From a technical perspective, GBP/USD broke out from a falling wedge formation, establishing bullish short-term momentum that has carried the pair toward resistance zones. However, the pound's gains are more a reflection of dollar selling than renewed confidence in the British economy. Sterling has benefited disproportionately from the dollar's retreat because it represents an alternative to dollar-denominated assets without the complexity of emerging market currencies.

The Bank of England's cautious stance, avoiding strong signals about future rate directions, means sterling's moves are driven primarily by external factors rather than policy differentiation. Looking ahead, the base case suggests that sterling's gains will likely stabilize rather than extend once market participation normalizes and trading liquidity returns to typical levels. The key risk scenario involves stronger-than-expected US economic releases, which could revive dollar demand and expose sterling's lack of fundamental backing.

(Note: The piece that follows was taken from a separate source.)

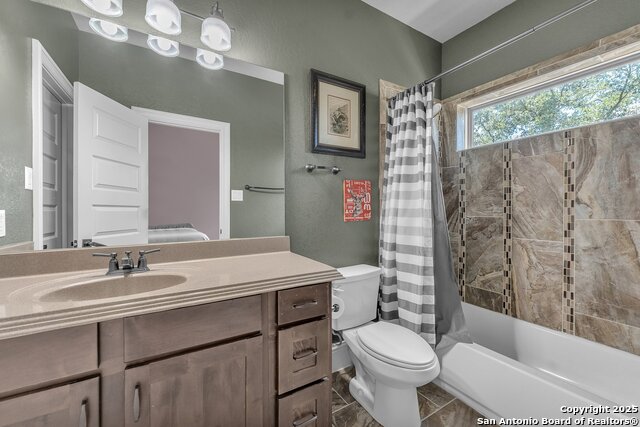 Image 33 of 50 For 26214 Tawny Way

Euro's Recovery Amid Dollar Pullback

EUR/USD has reclaimed ground above 1.1600, bouncing from monthly lows as broad-based US Dollar weakness provided relief to the currency pair. Like sterling, the euro has benefited from the shift in Fed rate expectations and reduced safe-haven demand for dollars. However, the euro faces additional challenges from Europe's energy dependence and mixed signals from the European Central Bank regarding its own policy direction.

Technical analysis suggests critical support levels exist around 1.1520 and 1.1410, with bulls needing to defend these zones to prevent further declines. The euro's recovery has been modest compared to sterling's advance, reflecting the additional challenges facing the eurozone economy. Nevertheless, EUR/USD remains one of the more attractive bearish dollar setups, with potential support zones identified at prior resistance levels of 1.1628 to 1.1655.

Looking Ahead: Key Considerations for Traders

As markets await critical US economic data, particularly the Nonfarm Payrolls report, both GBP/USD and EUR/USD remain sensitive to shifts in dollar sentiment and Fed rate expectations. The current environment underscores the importance of distinguishing between currency strength driven by fundamentals and moves amplified by technical and liquidity effects.

For investors holding these currency pairs, monitoring upcoming US releases will be crucial. Stronger-than-expected employment or inflation data could quickly reverse recent flows, while continued softness could extend dollar weakness further. The geopolitical situation in the Middle East and its impact on oil prices also remains relevant, as energy costs influence both Fed expectations and safe-haven dynamics.

The dollar weakness we're witnessing represents a meaningful inflection point in currency markets, but its sustainability depends on whether Fed rate expectations continue to moderate or if incoming data forces a recalibration of those expectations. Traders should remain nimble and prepared for potential reversals as new information emerges.